Working with matched portions
Having seen a few regexp features that can match varying text, you'll learn how to extract and work with those matching portions in this chapter. First, you'll learn about the match
method and the resulting MatchData
object. Then you'll learn about scan
method and how capture groups affects scan
and split
methods. You'll also learn how to use global variables related to regexp.
match method
First up, the match
method which is similar to match?
method. Both these methods accept a regexp and an optional index to indicate the starting location. Furthermore, these methods treat a string argument as if it was a regexp all along (which is not the case with other string methods like sub
, split
, etc). The match
method returns a MatchData
object from which various details can be extracted like the matched portion of string, location of matched portion, etc. nil
is returned if there's no match for the given regexp.
# only the first matching portion is considered
>> 'abc ac adc abbbc'.match(/ab*c/)
=> #<MatchData "abc">
# string argument is treated the same as a regexp
>> 'abc ac adc abbbc'.match('a.*d')
=> #<MatchData "abc ac ad">
# second argument specifies starting location to search for a match
>> 'abc ac adc abbbc'.match(/ab*c/, 7)
=> #<MatchData "abbbc">
The regexp grouping inside ()
is also known as a capture group. It has multiple uses, one of which is the ability to work with matched portions of those groups. When capture groups are used with match
method, they can be retrieved using array index slicing on the MatchData
object. The first element is always the entire matched portion and rest of the elements are for capture groups if they are present. The leftmost (
will get group number 1
, second leftmost (
will get group number 2
and so on.
# retrieving entire matched portion using [0] as index
>> 'abc ac adc abbbc'.match(/a.*d/)[0]
=> "abc ac ad"
# capture group example
>> m = 'abc ac adc abbbc'.match(/a(.*)d(.*a)/)
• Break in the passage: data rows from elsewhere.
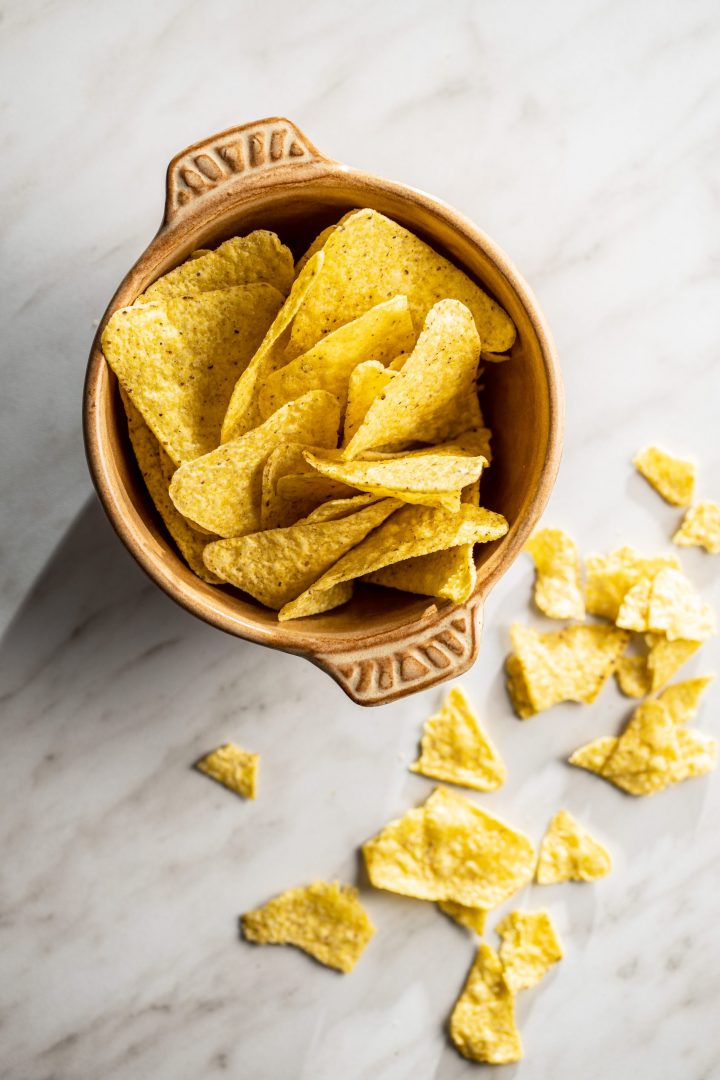 Tortilla chips. Mexican nacho chips in bowl. Top view.
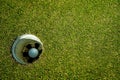 Golf ball in hole on a green lawn in a beautiful golf course with morning sunshine Royalty Free Stock Photo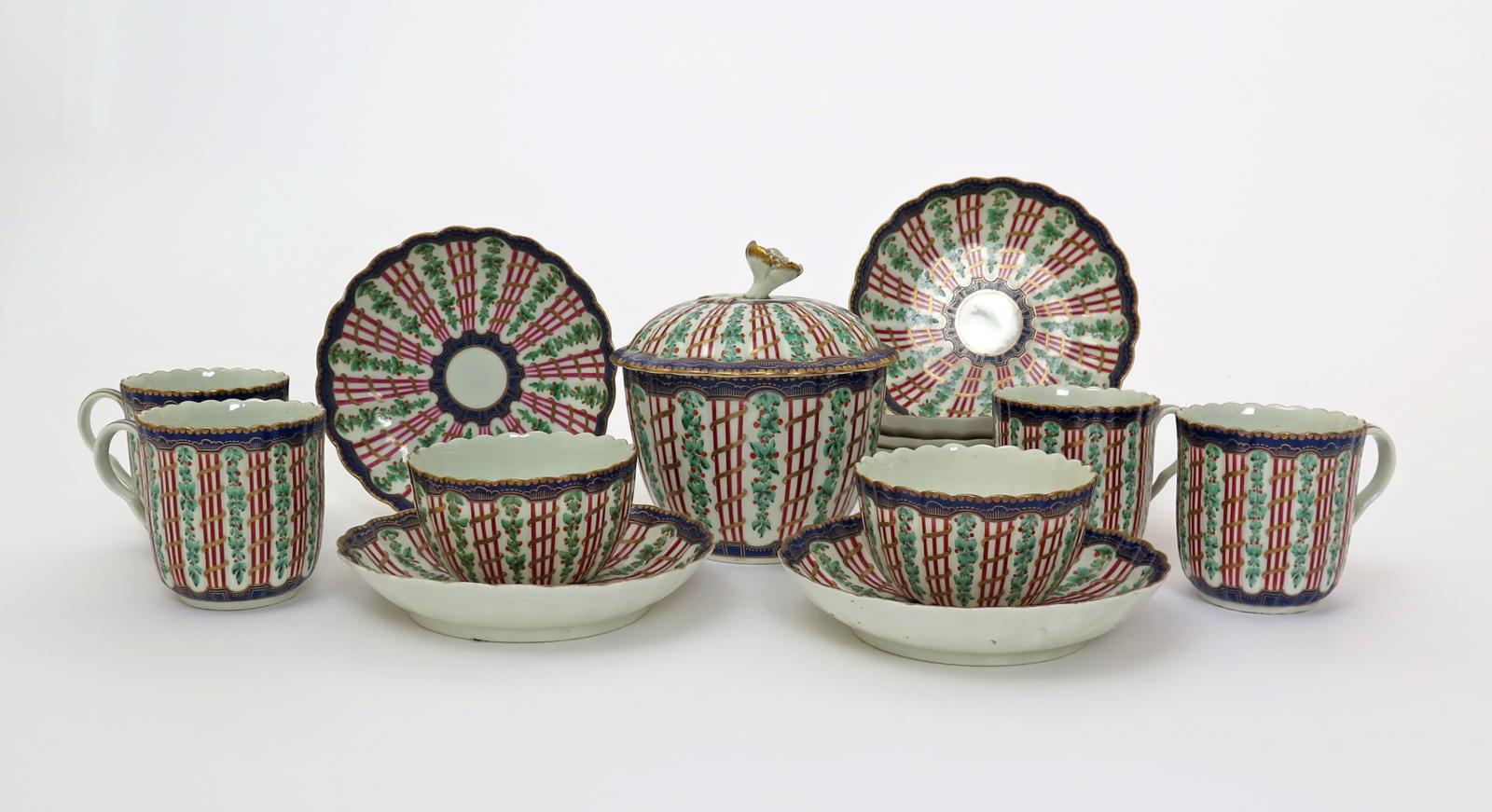 A Worcester part tea and coffee service  c.1775, decorated in the Hop Trellis pattern with berried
# entire matching portion and capture group portions
>> m.to_a
=> ["abc ac adc a", "bc ac a", "c a"]
# only the capture group portions
>> m.captures
=> ["bc ac a", "c a"]
# getting a specific capture group portion
>> m[1]
=> "bc ac a"
The offset
method gives the starting and ending + 1 indexes of the matching portion. It accepts an argument to indicate entire matching portion or specific capture group. You can also use begin
and end
methods to get either of those locations.
>> m = 'awesome'.match(/w(.*)me/)
>> m.offset(0)
=> [1, 7]
>> m.offset(1)
=> [2, 5]
>> m.begin(0)
=> 1
>> m.end(1)
=> 5
There are many more methods available. See ruby-doc: MatchData for details.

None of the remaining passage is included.